The Nvidia Inception Program, announced June 8, is aimed at entrepreneurs who are starting new companies in the field of artificial intelligence (AI), a fast-growing emerging market that Nvidia officials have targeted as a key one for the company. Deep learning technologies—which enable systems to learn through experience in ways similar to humans—is a key driver of AI development and another key market for Nvidia.
"Startups worldwide are taking advantage of deep learning for its superhuman speed and accuracy in applications like radiology, fraud detection and self-driving cars," Kimberly Powell, senior director of industry business development at Nvidia, said in a statement. "We're committed to helping the world's most innovative companies break new ground with AI and revolutionize every industry."
Through the Inception Program, startups can get access to the latest deep-learning technology and GPU hardware from Nvidia, including the company's Deep Learning SDK (software development kit), the DIGITS deep learning GPU training system and the GPU Inference Engine. The hardware will be available via discounts, grants or remote access, according to the Inception Program page.
The entrepreneurs also will have access to Nvidia's deep-learning experts and engineering team; the GPU vendor's global network of customers, partners and suppliers; and its marketing network. They also can get online and in-person technical training through Nvidia's Deep Learning Institute and possibly funding through the company's GPU Ventures Program.
In addition, the program will open up more avenues for Nvidia's GPU products and deep learning technologies. CEO Jen-Hsun Huang has pushed the company hard into the deep learning and AI fields, seeing significant growth areas for Nvidia's GPUs given the demand for parallel processing capabilities. At Nvidia's GPU Technology Conference (GTC) 2016 show in March, Huang said that "our company has gone all-on in deep learning," adding that AI represents "a brand new computing model. … Our strategy is to accelerate deep learning everywhere."

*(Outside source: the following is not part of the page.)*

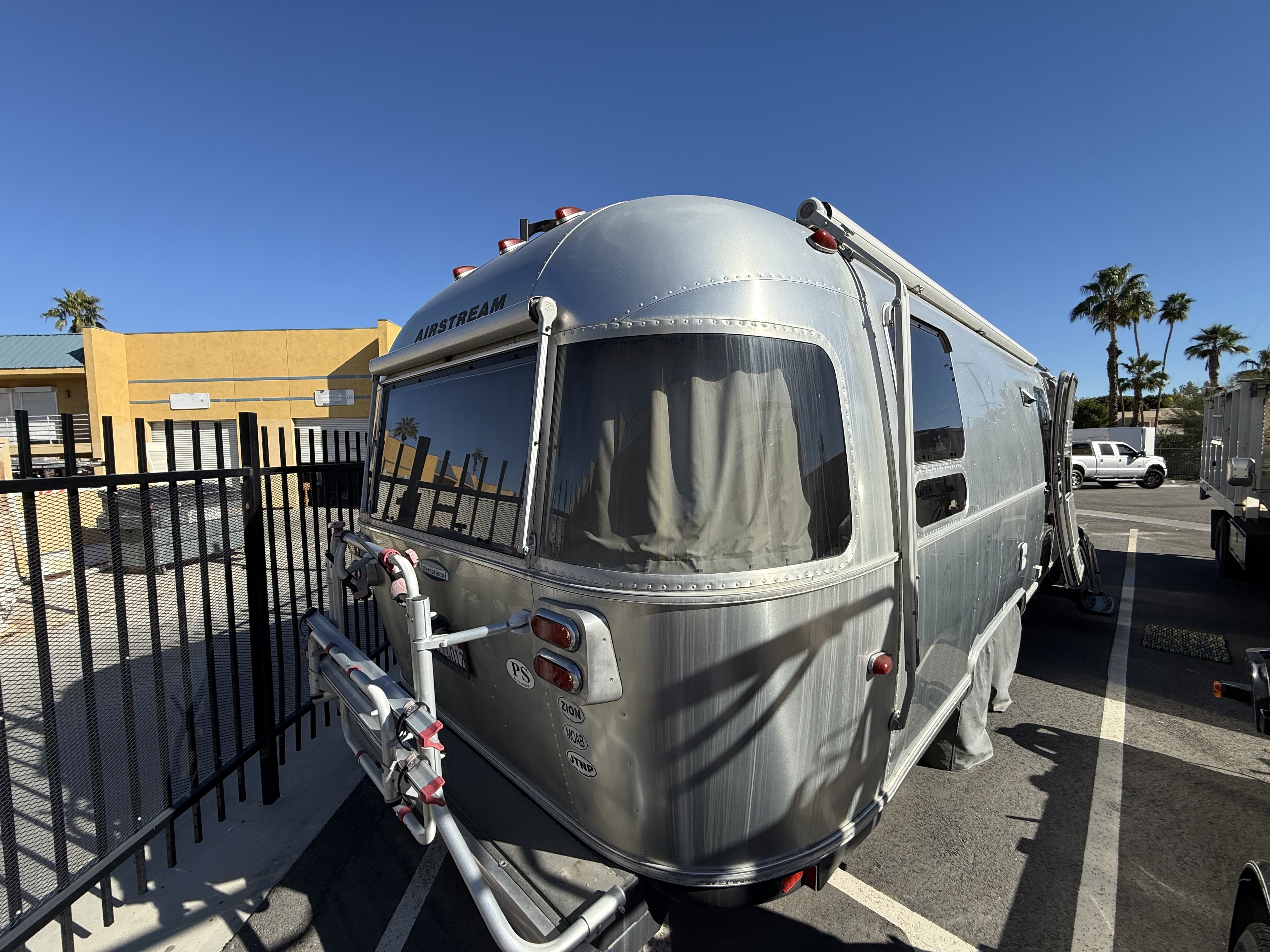 2014 Airstream INTERNATIONAL SIGNATURE 25RBT in palm desert CA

At the GTC event, Nvidia officials unveiled the DGX-1, which they called the world's first supercomputer for deep learning and AI. It combines eight of the company's new powerful Tesla P100 GPUs with two Intel Xeon server chips to drive 170 teraflops of performance in a 3U (5.25-inch) form factor and offers 12 times the performance of the system Nvidia introduced at last year's show. It will be priced at $129,000 and carry a 3,500-watt power budget, all while offering the same performance as 250 CPU-based servers.
Such fully integrated platforms like the DGX-1 will bring deep learning and AI technologies to a broader range of customers, the CEO said, adding that "deep learning has been democratized."
Deep learning uses layers of nodes that process data coming into the system, with the idea that as the data passes through each node, the system gets closer to the correct result to whatever question is being asked. These neural networks also are designed to enable artificial intelligence so the system can learn from its experience.